**BRIEF**
Restate word for word the entries below, starting at the line with "Bright White Clearcoat 2023 RAM 1500 Laramie" and ending at the line with "S.Oliver Resorthemd Aus". Keep both end lines and omit the pictures.

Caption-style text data
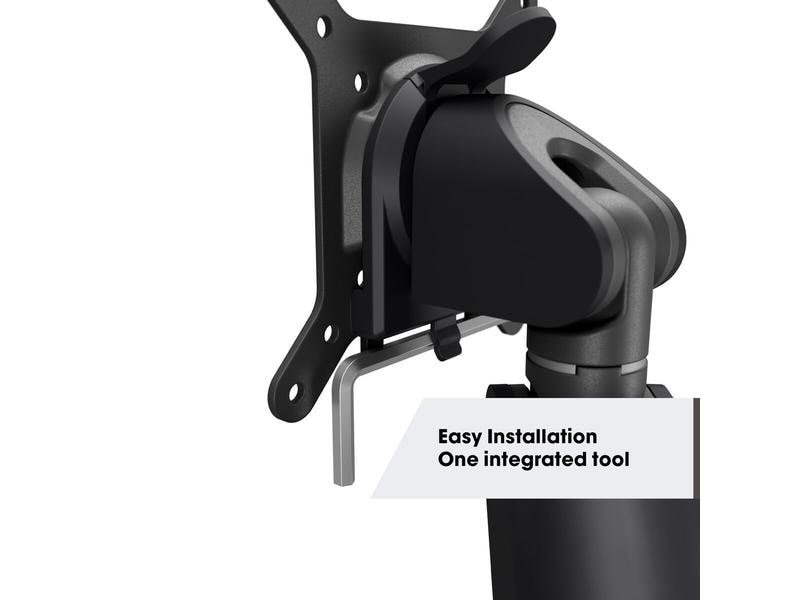 Vogel's Tischhalterung Momo 2137 Motion bis 20 kg – Schwarz Ergonomische Monitorhalterung für jeden Arbeitsplatz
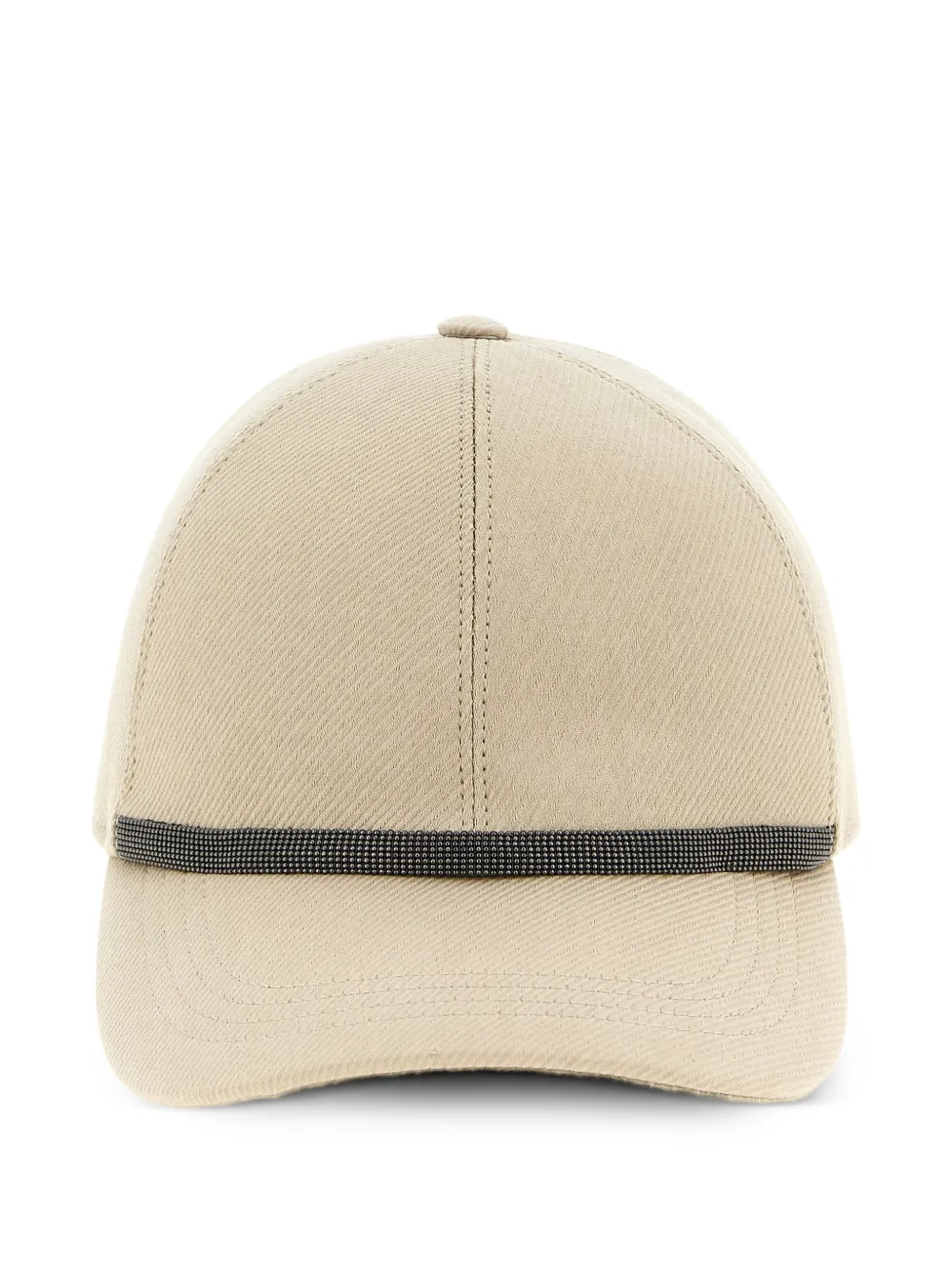 Brunello Cucinelli embelished-trim monile baseball hat - Toni neutri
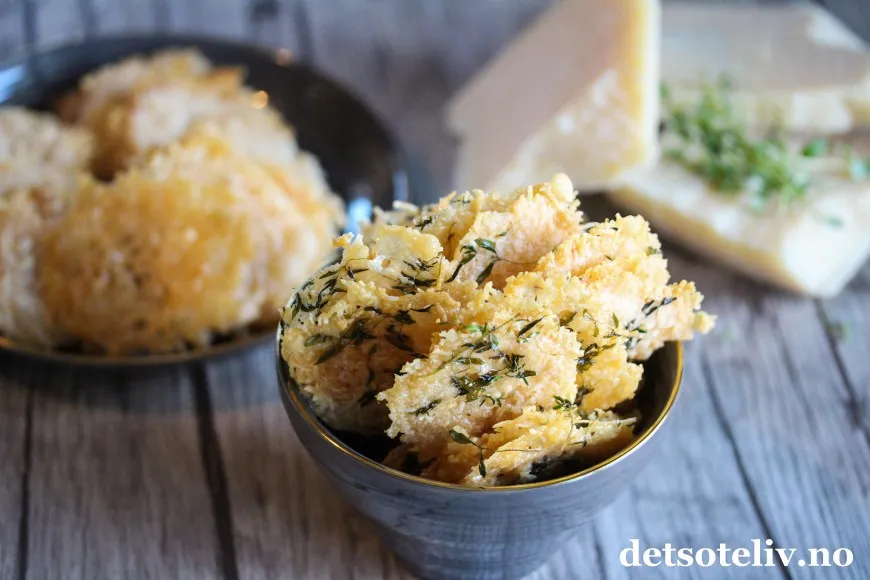 Oppskrifter ostecompagniet parmesanchips forsiden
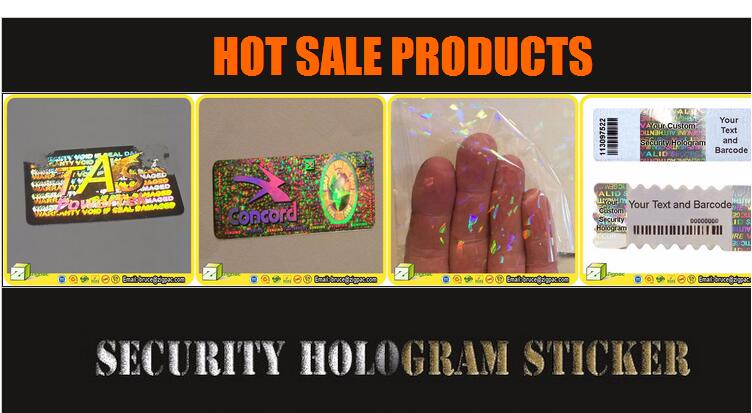 Sticker-Holographic Anti-Fake Logo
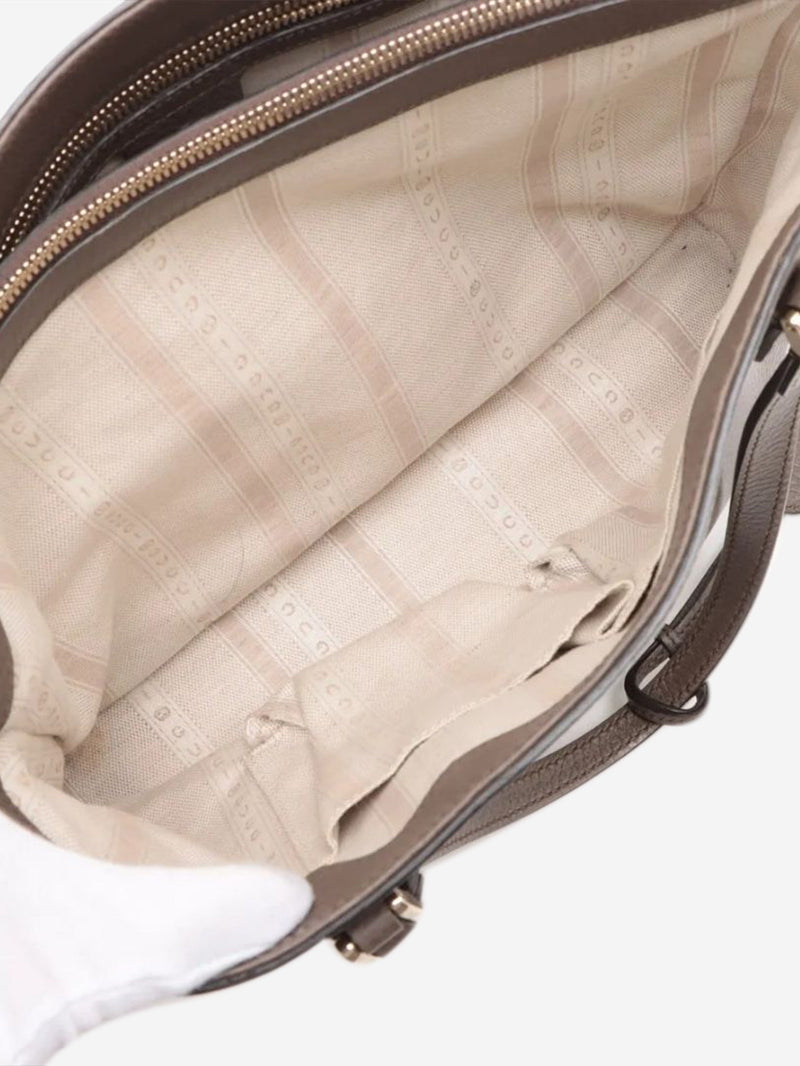 Brown leather top handle bag Top Handle Bags Gucci 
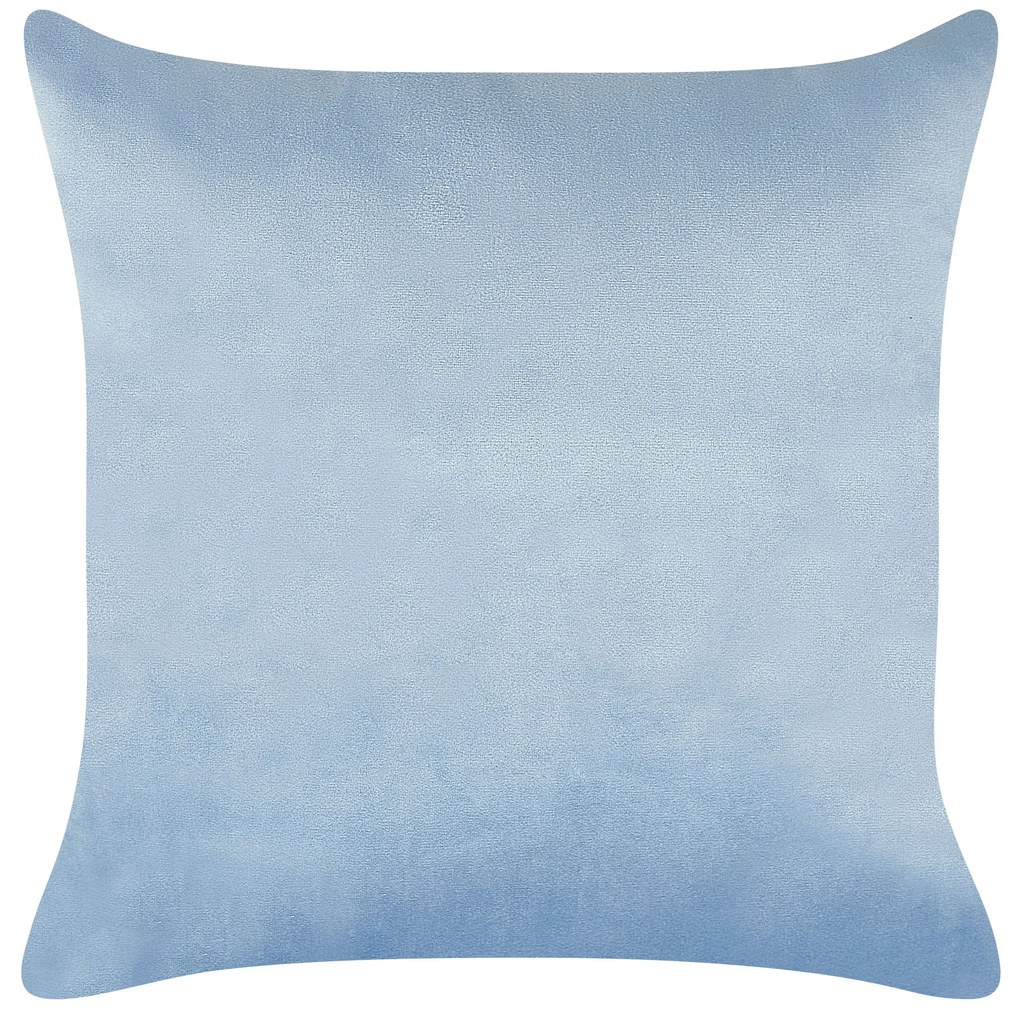 Chaise longue sinistra velluto blu e azzurro GONESSE Beliani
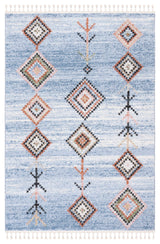 Safavieh Himalaya Collection CHP402M Rug, Blue/Beige, 5'3" X 7'6"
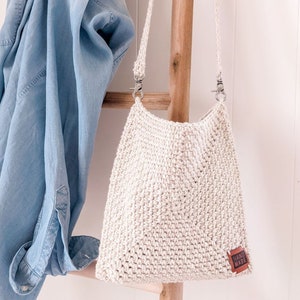 CROCHET PATTERN, Crochet Crossbody Bag Pattern, Crochet Shoulder Bag, Small Granny Square Bag Pattern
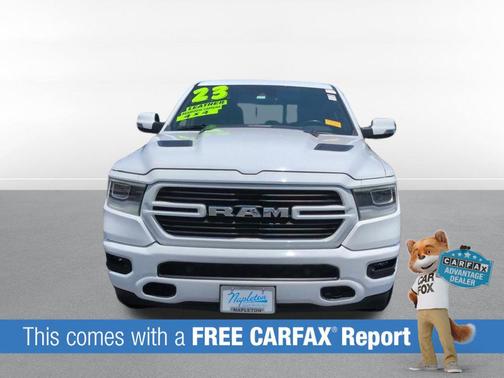 Bright White Clearcoat 2023 RAM 1500 Laramie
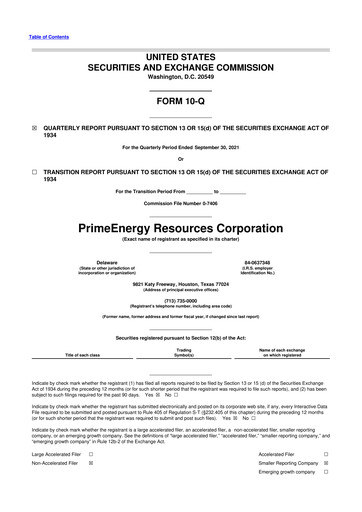 Thumbnail PrimeEnergy Resources 10-Q Quarterly Report FY2021 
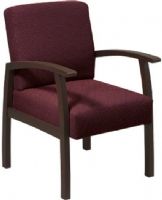 Office Star WD1358-318 Ruby Fabric with Espresso Finish Wood Guest Chair, Espresso finished wood frame, Radius arms for a contemporary feel, 20.5W x 18.5D x 5.5 T Seat Size, 20.5W x 17.5H x 3.5 T Back Size, 20.5 Arms Max Inside (WD1358 318 WD1358318 WD 1358 WD1358 WD-1358) 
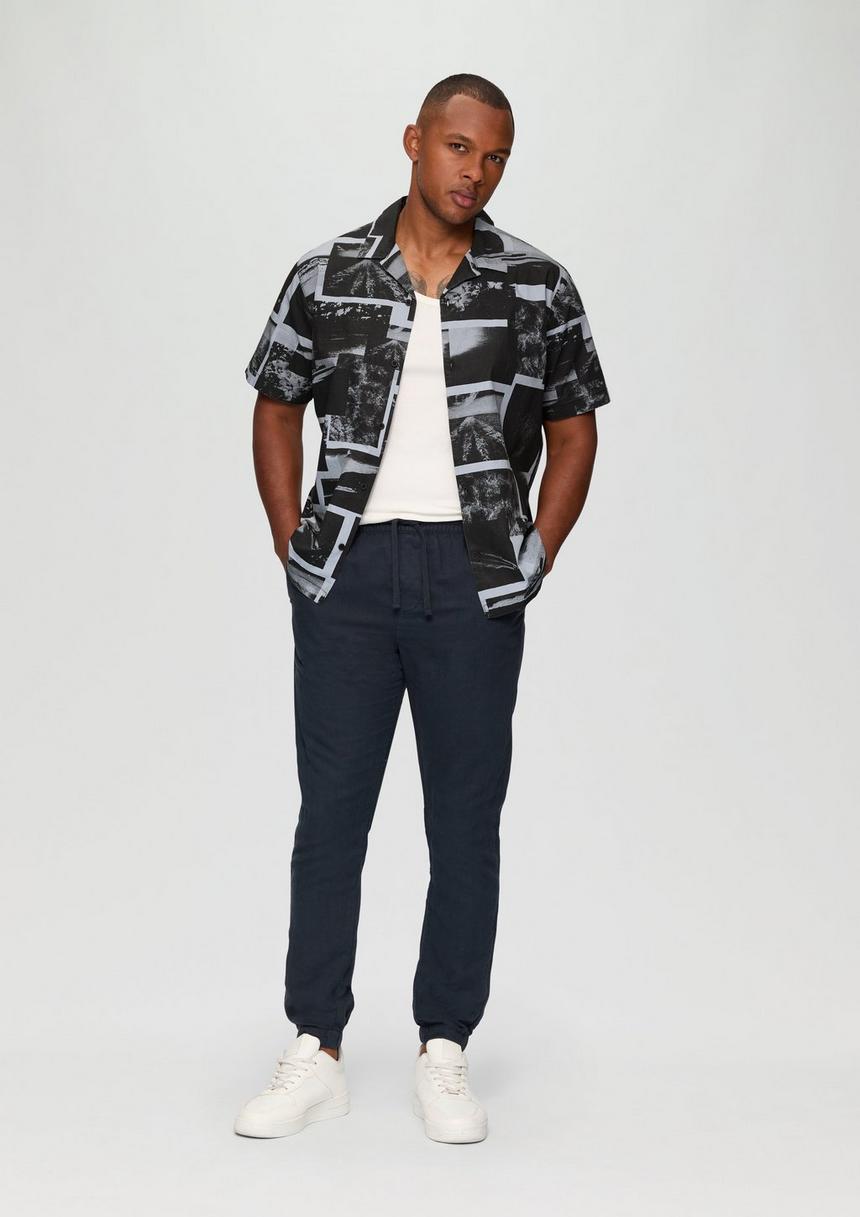 S.Oliver Resorthemd Aus Baumwolle Mit All-over-Print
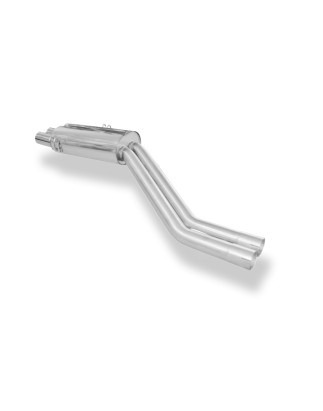 BMW E32 730i/ 735i/ 740i/ 740iL/ 750i/ 750iL Silenziatore posteriore (Cod. F-BM040002-008)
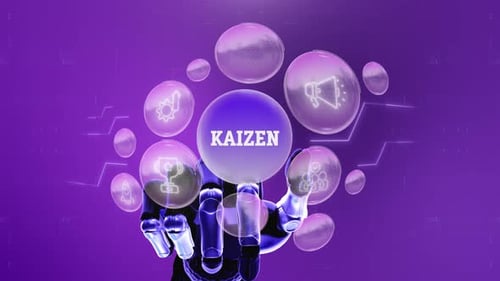 Digital Screen, Kaizen Robotic Technology, Concept, Background 4K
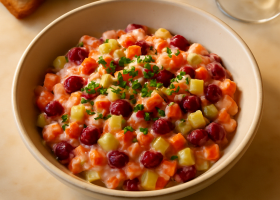 Authentic Russian Salad (Salad Olivier)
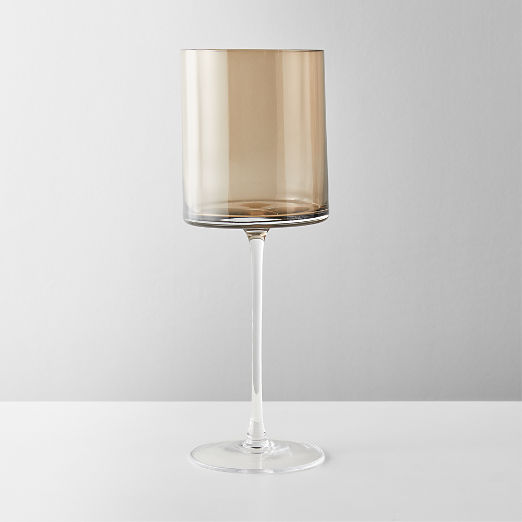 Porsha Smoked Red Wine Glass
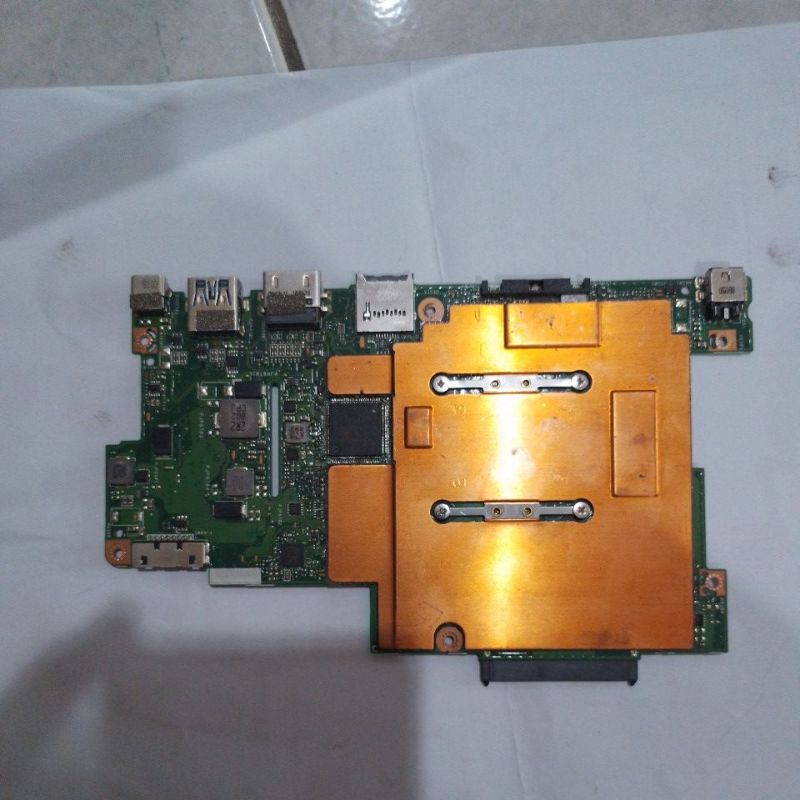 Mainboard motherboard laptop asus E203NAH nyala hidup no display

**ANSWER SECTION**
 Bright White Clearcoat 2023 RAM 1500 Laramie
 Thumbnail PrimeEnergy Resources 10-Q Quarterly Report FY2021 
 Office Star WD1358-318 Ruby Fabric with Espresso Finish Wood Guest Chair, Espresso finished wood frame, Radius arms for a contemporary feel, 20.5W x 18.5D x 5.5 T Seat Size, 20.5W x 17.5H x 3.5 T Back Size, 20.5 Arms Max Inside (WD1358 318 WD1358318 WD 1358 WD1358 WD-1358) 
 S.Oliver Resorthemd Aus Baumwolle Mit All-over-Print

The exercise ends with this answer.